Dès le premier chapitre le ton est donné : en plein Kaboul d'avant la « chute » des talibans, l'auteur métamorphose le lecteur en spectateur d'un lynchage public. Ouverture étrange et déroutante : alors qu'on s'attendrait à être retourné par l'horreur d'une telle scène, on ne ressent quasiment rien. Mais que se passe t'il donc ? L'écriture puissante de Yasmina Khadra serait-elle devenue complètement terne ?

Bien au contraire : rarement l'auteur de L'Attentat n'aura paru aussi subtil, délicat - incroyablement efficace. Car à travers cette absence de surcharge émotionnelle c'est toute la tristement célèbre banalité du mal qu'il met remarquablement en abyme.
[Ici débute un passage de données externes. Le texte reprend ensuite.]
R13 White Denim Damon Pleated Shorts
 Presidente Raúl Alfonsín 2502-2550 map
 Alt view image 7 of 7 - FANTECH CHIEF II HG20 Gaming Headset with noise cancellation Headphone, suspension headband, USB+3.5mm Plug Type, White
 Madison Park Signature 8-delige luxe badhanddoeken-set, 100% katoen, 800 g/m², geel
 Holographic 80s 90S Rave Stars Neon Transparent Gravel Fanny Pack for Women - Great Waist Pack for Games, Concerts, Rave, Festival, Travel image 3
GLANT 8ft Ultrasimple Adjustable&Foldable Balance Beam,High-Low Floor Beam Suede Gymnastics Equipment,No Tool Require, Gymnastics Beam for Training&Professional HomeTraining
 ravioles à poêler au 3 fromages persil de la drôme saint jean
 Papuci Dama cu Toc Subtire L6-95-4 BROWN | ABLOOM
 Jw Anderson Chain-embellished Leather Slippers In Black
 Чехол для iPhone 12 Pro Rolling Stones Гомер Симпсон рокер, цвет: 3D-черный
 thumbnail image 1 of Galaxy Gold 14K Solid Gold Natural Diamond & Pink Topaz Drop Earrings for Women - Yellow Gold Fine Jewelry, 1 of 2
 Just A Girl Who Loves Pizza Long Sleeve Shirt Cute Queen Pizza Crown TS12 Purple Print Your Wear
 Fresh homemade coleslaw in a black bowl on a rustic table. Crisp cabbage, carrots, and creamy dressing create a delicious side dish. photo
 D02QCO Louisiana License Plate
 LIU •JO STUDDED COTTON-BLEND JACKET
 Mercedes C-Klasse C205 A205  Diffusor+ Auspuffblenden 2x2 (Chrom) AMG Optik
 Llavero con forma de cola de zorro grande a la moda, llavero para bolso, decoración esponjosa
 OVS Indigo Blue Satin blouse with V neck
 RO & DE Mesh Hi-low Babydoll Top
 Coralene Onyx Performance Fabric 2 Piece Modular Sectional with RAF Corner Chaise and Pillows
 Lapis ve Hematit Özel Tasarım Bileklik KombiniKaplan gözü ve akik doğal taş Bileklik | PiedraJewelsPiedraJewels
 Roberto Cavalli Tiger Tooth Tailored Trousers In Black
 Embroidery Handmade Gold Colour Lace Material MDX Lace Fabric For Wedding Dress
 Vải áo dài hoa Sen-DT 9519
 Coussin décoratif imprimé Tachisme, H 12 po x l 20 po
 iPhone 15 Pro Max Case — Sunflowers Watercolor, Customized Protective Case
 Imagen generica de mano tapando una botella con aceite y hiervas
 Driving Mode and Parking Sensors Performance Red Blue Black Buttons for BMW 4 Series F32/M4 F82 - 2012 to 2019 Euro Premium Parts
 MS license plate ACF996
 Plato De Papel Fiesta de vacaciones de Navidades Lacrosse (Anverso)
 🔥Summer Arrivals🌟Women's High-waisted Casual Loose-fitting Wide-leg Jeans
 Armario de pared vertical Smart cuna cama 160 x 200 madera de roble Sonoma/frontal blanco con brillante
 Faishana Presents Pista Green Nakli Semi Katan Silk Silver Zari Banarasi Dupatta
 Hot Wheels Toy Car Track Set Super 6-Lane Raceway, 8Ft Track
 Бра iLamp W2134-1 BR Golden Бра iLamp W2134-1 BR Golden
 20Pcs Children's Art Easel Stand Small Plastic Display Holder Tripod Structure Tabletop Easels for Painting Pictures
Si le spectacle jeté en pâture ne révulse pas le lecteur... c'est tout simplement parce que pour ses personnages - spectateurs aux âmes noyées dans l'hystérie collective, l'horrible est devenu quotidien et le désespoir le sentiment le plus banal qui soit. Quelques pages suffisent à Khadra pour reproduire avec virtuosité l'inconscient collectif de tout un peuple qui, soumis depuis trop longtemps au joug de la barbarie, finit par en oublier parfois sa propre part d'humanité. Et ça, par contre, c'est absolument terrifiant. Voir le sceptique Moshen sombrer presque malgré lui dans la folie d'intoxication massive... il y a là de quoi choper de sacrées bouffées d'angoisses Personne n'est donc à l'abri ? Selon le lieu, l'époque, le contexte... rares semblent ceux destinés à y échapper. Propos qui recoupe de manière assez inattendue celui des Bienveillantes - on notera que lorsque c'est écrit par Yasmina Khadra cela dérange beaucoup moins.
 
L'on suit alors les destins croisés de deux couples que tout oppose, deux couples tout autant condamnés à plus ou moins court terme au cœur de cette ville dévastée, chaotique, que l'amour semble avoir depuis longtemps déserté. Croisés au sens littéral du terme : qui vont chacun dans une direction opposée.
 
Moshen, impavide, pourtant si enthousiaste et si courageux de prime abord... avance irrémédiablement vers l'Enfer et la tragédie. De l'autre côté, Aqit le désolé court en dépit de lui-même vers cet espoir dont il n'osait plus rêver. Le contraste est saisissant ; leur destinées respectives, bouleversantes.
 
Pourtant ce n'est pas cela qui impressionne le plus dans Les Hirondelles de Kaboul . C'est plutôt l'art délicat d'un auteur qui, sans avoir l'air d'y toucher, parvient de fil en aiguille à injecter de l'humain dans l'inhumain, de la lumière dans la noirceur. Peu d'espoir au final (comment pourrait-il en être autrement ?) mais un constat simple, édifiant quant au talent d'un auteur qui s'affirme livre après livre comme un de ces (trop rares) écrivains avec lesquels il faut compter au-delà de la simple question Est-ce qu'ils écrivent de bons livres ?... Lorsque l'on referme ce roman, la foule meurtrière, haineuse et compact du début a désormais des visages, des noms - des âmes.